If you want a relatively easy structure to start with (both AVL trees and red-black trees are fiddly), one option is a treap - named as a combination of "tree" and "heap".

Each node gets a "priority" value, often randomly assigned as the node is created. Nodes are positioned in the tree so that key ordering is respected, and so that heap-like ordering of priority values is respected. Heap-like ordering means that both children of a parent have lower priorities than the parent.

EDIT deleted "within key values" above - the priority and key ordering apply together, so priority is significant even for unique keys.

It's an interesting combination. If keys are unique and priorities are unique, there is a unique tree structure for any set of nodes. Even so, inserts and deletes are efficient. Strictly speaking, the tree can be unbalanced to the point where it is effectively a linked list, but this is extremely unlikely (as with standard binary trees), including for normal cases such as keys inserted in order (unlike standard binary trees).

6

Which is most efficient?

Vague and difficult to answer. The computational complexities are all well-defined. If that's what you mean by efficiency, there's no real debate. Indeed, all good algorithms come with proofs and complexity factors.

If you mean "run time" or "memory use" then you'll need to compare actual implementations. Then language, run-time, OS and other factors come into play, making the question difficult to answer.

Which is easiest to implement?

Vague and difficult to answer. Some algorithms may appear complex to you, but trivial to me.

Which is most often used?

Vague and difficult to answer. First there's the "by whom?" part of this? Haskell only? What about C or C++? Second, there's the proprietary software problem where we don't have access to the source to do a survey.

But crucially, which do you recommend?

I assume this belongs here because it's open to debate.

Correct. Since your other criteria aren't very helpful, this is all you're going to get.

You can get source for a large number of tree algorithms. If you want to learn something, you might simply implement every one you can find.

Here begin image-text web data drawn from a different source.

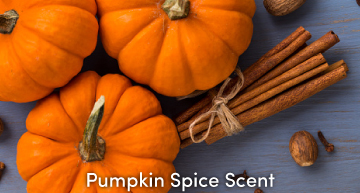 Pumpkin Spice Scent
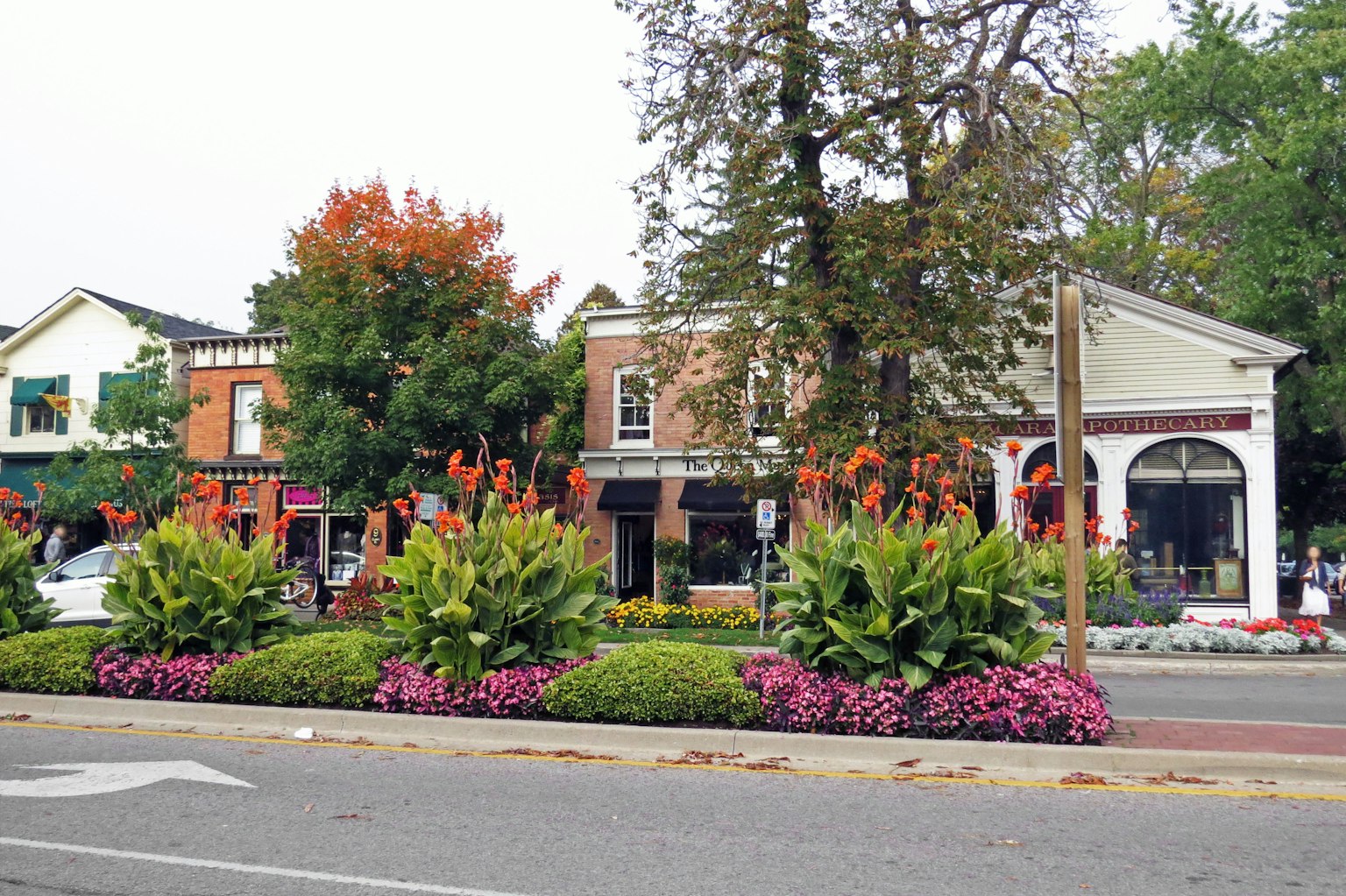 Vista di strada con fiori colorati e vegetazione con negozi e edifici residenziali
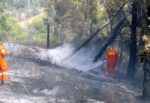 20080531_FOTO_Protezione_civile_contro_gli_incendi_d0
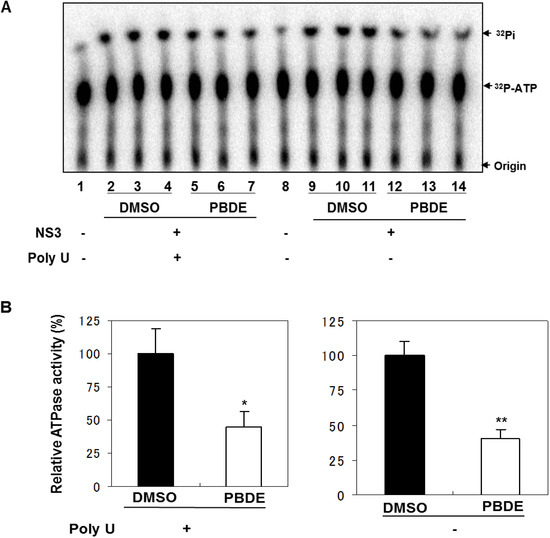 Molecules 19 04006 g005 550
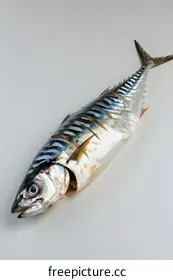 mackerel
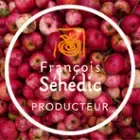 CIDRE SEHEDIC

Rather than ask for a "recommendation", just collect every algorithm you can find.

Here's the list:

http://en.wikipedia.org/wiki/Self-balancing_binary_search_tree

There are six popular ones defined. Start with those.

S.Lott
  • 45,522
  • 6
  • 93
  • 155
4

A very simple balanced tree is an AA tree. It's invariant is simpler and thus easier implement. Because of its simplicity, its performance is still good.

As an advanced exercise, you can try to use GADTs to implement one of the variants of balanced trees whose invariant is enforced by the type system type.

Petr
  • 5,547
4

If you're interested in Splay trees, there is a simpler version of those which I believe was first described in a paper by Allen and Munroe. It doesn't have the same performance guarantees, but avoids complications in dealing with "zig-zig" vs. "zig-zag" rebalancing.

Basically, when searching (including searches for an insert point or node to delete), the node you find gets rotated directly towards the root, bottom up (e.g. as a recursive search function exits). At each step, you select a single left or right rotation depending on whether the child you want to pull up another step toward the root was the right child or left child (if I remember my rotation directions correctly, that's respectively).

Like Splay trees, the idea is that recently accessed items are always near the root of the tree, so quick to access again. Being simpler, these Allen-Munroe rotate-to-root trees (what I call them - don't know the official name) can be faster, but they don't have the same amortized performance guarantee.

One thing - since this data structure by definition mutates even for find operations, it would probably need to be implemented monadically. IOW it's maybe not a good fit for functional programming.